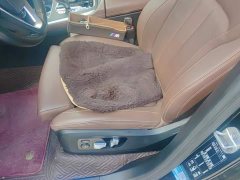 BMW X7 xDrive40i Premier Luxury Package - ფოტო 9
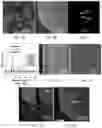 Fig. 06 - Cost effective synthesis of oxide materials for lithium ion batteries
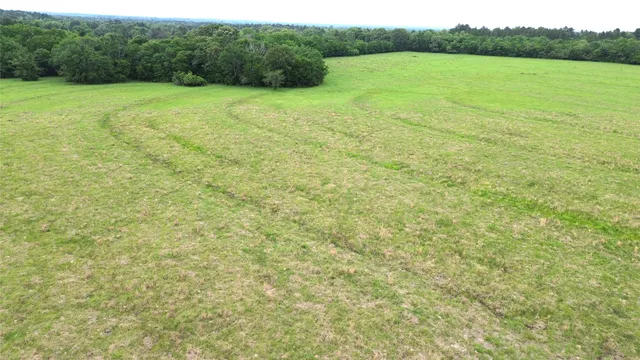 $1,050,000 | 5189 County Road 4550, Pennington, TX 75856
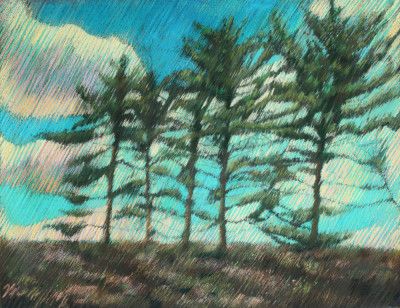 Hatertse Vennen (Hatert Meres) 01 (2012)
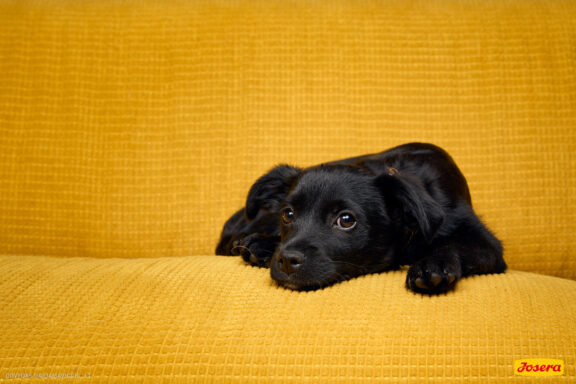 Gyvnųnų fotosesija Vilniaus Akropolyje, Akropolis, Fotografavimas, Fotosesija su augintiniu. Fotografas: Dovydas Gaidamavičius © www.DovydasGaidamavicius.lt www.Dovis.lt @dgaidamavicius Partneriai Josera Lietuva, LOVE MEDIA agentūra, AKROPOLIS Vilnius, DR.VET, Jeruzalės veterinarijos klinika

+---+

Please restate the data word for word, leaving out any picture it holds.

 BMW X7 xDrive40i Premier Luxury Package - ფოტო 9
 Fig. 06 - Cost effective synthesis of oxide materials for lithium ion batteries
 $1,050,000 | 5189 County Road 4550, Pennington, TX 75856
 Hatertse Vennen (Hatert Meres) 01 (2012)
 Gyvnųnų fotosesija Vilniaus Akropolyje, Akropolis, Fotografavimas, Fotosesija su augintiniu. Fotografas: Dovydas Gaidamavičius © www.DovydasGaidamavicius.lt www.Dovis.lt @dgaidamavicius Partneriai Josera Lietuva, LOVE MEDIA agentūra, AKROPOLIS Vilnius, DR.VET, Jeruzalės veterinarijos klinika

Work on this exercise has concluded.